## Data for review
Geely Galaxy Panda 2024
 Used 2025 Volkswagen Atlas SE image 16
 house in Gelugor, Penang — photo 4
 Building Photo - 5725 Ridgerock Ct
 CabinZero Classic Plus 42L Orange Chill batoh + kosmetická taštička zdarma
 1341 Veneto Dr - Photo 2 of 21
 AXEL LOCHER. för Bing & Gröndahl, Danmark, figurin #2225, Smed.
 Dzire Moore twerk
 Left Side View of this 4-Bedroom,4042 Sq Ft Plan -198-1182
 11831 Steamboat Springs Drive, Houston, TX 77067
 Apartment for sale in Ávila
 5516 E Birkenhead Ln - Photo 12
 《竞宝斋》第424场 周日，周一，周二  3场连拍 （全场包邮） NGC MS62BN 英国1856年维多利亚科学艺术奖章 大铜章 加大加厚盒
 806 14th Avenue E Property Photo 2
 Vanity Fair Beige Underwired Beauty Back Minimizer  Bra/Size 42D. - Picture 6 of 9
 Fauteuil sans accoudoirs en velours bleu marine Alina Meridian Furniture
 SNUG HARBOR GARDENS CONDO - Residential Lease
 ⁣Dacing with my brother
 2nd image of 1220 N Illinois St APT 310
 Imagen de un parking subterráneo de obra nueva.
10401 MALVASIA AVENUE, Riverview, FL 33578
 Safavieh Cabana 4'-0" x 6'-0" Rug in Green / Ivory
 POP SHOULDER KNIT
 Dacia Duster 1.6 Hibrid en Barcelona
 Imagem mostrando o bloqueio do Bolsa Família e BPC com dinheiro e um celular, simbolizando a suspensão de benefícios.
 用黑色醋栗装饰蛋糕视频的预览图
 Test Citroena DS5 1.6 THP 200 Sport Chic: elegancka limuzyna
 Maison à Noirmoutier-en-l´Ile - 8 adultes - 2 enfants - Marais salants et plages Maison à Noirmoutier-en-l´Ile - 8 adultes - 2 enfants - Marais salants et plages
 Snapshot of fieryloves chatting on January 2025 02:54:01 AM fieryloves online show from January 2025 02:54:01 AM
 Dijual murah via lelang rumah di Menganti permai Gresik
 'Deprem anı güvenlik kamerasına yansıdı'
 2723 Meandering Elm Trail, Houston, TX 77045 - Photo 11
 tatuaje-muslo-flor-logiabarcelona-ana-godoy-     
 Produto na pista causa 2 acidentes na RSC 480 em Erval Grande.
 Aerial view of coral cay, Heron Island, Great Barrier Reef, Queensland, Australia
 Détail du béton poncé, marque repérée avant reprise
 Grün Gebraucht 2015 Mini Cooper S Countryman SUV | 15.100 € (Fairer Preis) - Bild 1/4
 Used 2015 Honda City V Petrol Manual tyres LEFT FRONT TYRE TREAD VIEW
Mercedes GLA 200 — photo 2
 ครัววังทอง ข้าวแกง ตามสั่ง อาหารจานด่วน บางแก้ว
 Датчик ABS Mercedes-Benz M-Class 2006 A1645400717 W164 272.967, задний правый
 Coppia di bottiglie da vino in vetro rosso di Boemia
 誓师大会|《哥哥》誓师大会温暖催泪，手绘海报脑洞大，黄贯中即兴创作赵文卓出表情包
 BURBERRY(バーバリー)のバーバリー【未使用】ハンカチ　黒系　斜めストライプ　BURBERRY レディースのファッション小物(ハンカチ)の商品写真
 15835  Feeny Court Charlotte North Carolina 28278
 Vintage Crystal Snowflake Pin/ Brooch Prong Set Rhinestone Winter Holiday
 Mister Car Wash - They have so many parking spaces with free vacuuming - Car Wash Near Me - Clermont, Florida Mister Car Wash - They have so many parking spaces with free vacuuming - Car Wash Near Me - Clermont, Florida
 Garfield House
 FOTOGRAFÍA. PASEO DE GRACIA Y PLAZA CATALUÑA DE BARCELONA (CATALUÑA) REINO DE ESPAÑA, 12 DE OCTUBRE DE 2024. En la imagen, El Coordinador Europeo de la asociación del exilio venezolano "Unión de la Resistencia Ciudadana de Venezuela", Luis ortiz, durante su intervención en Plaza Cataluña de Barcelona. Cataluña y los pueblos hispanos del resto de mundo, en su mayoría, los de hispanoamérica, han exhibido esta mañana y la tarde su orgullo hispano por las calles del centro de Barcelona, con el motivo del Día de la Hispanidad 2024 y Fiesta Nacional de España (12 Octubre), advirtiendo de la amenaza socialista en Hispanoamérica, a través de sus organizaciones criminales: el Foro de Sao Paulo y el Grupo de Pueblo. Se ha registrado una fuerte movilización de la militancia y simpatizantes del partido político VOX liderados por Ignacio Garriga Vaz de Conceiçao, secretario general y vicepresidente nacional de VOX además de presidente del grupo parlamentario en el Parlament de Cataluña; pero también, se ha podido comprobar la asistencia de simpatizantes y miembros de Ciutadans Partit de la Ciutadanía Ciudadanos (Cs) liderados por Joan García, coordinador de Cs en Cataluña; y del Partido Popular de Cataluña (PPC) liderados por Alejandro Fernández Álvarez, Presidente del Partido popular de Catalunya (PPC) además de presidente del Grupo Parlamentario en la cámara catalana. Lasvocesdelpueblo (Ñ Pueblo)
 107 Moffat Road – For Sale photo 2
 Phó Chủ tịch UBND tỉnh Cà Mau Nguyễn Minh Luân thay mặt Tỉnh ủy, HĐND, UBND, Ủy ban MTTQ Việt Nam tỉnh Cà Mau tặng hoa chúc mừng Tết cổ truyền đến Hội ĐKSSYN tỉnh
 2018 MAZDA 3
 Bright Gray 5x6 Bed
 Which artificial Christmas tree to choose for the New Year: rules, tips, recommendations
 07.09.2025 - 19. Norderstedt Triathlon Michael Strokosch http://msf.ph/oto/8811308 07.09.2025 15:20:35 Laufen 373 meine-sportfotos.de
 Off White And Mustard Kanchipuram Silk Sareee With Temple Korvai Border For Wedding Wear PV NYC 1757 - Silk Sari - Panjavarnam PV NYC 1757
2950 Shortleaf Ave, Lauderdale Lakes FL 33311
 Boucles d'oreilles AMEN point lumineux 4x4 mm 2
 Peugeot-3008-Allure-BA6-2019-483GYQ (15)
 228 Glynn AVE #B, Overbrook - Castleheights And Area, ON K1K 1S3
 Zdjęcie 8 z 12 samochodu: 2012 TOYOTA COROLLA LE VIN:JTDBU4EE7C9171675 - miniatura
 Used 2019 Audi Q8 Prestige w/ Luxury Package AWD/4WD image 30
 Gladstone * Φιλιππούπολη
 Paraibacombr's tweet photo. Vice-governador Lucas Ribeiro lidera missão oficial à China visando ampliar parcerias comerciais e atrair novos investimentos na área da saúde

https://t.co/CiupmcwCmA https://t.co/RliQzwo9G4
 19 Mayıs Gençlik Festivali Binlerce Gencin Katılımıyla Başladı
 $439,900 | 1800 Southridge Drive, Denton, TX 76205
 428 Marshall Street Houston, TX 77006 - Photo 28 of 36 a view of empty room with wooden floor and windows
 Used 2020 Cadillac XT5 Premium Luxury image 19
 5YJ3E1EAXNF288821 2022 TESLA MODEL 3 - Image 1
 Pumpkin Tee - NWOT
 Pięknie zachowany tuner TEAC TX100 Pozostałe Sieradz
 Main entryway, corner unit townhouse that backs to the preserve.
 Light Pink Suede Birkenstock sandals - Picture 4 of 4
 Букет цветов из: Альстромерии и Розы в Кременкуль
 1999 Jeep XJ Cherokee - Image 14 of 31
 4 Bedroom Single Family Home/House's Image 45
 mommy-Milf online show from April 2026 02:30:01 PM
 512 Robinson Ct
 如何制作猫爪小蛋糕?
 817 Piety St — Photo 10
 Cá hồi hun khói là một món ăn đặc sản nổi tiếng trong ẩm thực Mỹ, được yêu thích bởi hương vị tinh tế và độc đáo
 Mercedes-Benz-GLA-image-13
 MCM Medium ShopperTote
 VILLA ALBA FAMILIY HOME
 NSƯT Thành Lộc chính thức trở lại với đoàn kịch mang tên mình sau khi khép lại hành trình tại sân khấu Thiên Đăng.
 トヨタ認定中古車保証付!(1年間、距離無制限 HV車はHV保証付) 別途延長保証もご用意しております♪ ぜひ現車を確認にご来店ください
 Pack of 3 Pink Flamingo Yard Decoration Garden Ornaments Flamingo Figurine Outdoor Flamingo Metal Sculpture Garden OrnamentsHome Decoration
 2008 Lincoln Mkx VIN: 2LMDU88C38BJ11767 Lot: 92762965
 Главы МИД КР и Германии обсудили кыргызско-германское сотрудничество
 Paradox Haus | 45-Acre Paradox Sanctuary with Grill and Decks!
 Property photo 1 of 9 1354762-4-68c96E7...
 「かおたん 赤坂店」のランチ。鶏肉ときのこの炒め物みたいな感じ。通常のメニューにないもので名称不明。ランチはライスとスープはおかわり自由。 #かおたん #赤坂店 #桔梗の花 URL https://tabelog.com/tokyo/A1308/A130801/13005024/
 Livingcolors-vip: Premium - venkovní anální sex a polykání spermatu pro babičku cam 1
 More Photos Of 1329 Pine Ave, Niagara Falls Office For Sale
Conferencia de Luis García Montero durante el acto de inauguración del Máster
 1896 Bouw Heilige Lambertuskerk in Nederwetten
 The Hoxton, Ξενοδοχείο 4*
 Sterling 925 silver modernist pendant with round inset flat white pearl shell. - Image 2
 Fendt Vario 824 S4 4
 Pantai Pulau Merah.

## Task item
Using the data above, print exactly the lines from the line that contains "Off White And" through the line that contains "Pumpkin Tee - NWOT", with both included.

## Output of the exercise
 Off White And Mustard Kanchipuram Silk Sareee With Temple Korvai Border For Wedding Wear PV NYC 1757 - Silk Sari - Panjavarnam PV NYC 1757
2950 Shortleaf Ave, Lauderdale Lakes FL 33311
 Boucles d'oreilles AMEN point lumineux 4x4 mm 2
 Peugeot-3008-Allure-BA6-2019-483GYQ (15)
 228 Glynn AVE #B, Overbrook - Castleheights And Area, ON K1K 1S3
 Zdjęcie 8 z 12 samochodu: 2012 TOYOTA COROLLA LE VIN:JTDBU4EE7C9171675 - miniatura
 Used 2019 Audi Q8 Prestige w/ Luxury Package AWD/4WD image 30
 Gladstone * Φιλιππούπολη
 Paraibacombr's tweet photo. Vice-governador Lucas Ribeiro lidera missão oficial à China visando ampliar parcerias comerciais e atrair novos investimentos na área da saúde

https://t.co/CiupmcwCmA https://t.co/RliQzwo9G4
 19 Mayıs Gençlik Festivali Binlerce Gencin Katılımıyla Başladı
 $439,900 | 1800 Southridge Drive, Denton, TX 76205
 428 Marshall Street Houston, TX 77006 - Photo 28 of 36 a view of empty room with wooden floor and windows
 Used 2020 Cadillac XT5 Premium Luxury image 19
 5YJ3E1EAXNF288821 2022 TESLA MODEL 3 - Image 1
 Pumpkin Tee - NWOT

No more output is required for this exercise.